▶ [Exercise aim] Output the listing word for word, minus images.

### Given information ###

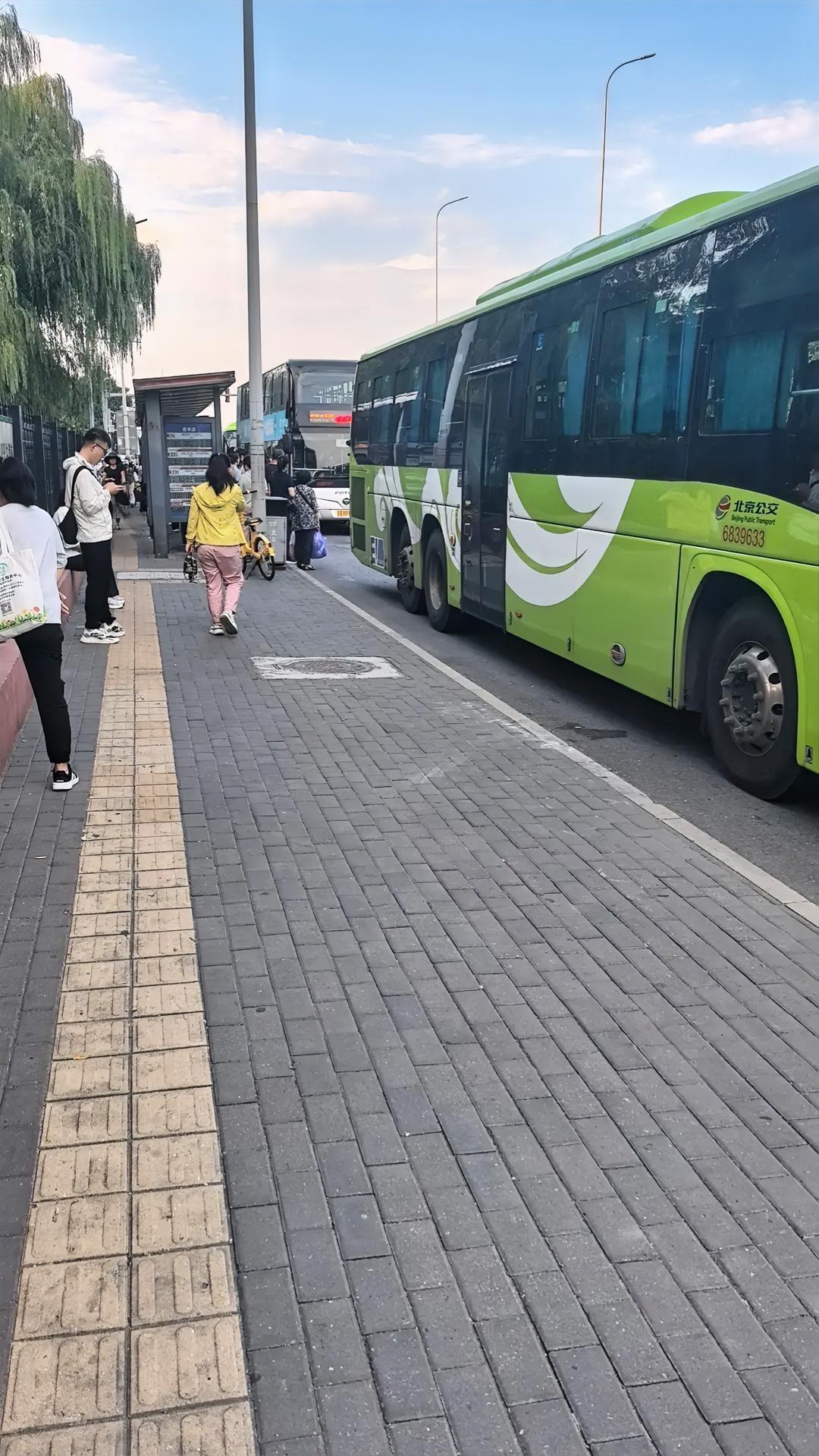 人生，一场未知的旅程。
人生，像一趟没有回程车票的旅程。我们懵懂地降生在这趟列车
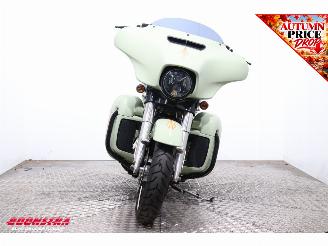 Harley-Davidson  103 FLHX Street Glide Jekill/Hyde Cruise Heizgriffe Navi Bluetooth 10.528 km! picture 6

###

▶ [Solution to the problem]
 人生，一场未知的旅程。
人生，像一趟没有回程车票的旅程。我们懵懂地降生在这趟列车
 Harley-Davidson  103 FLHX Street Glide Jekill/Hyde Cruise Heizgriffe Navi Bluetooth 10.528 km! picture 6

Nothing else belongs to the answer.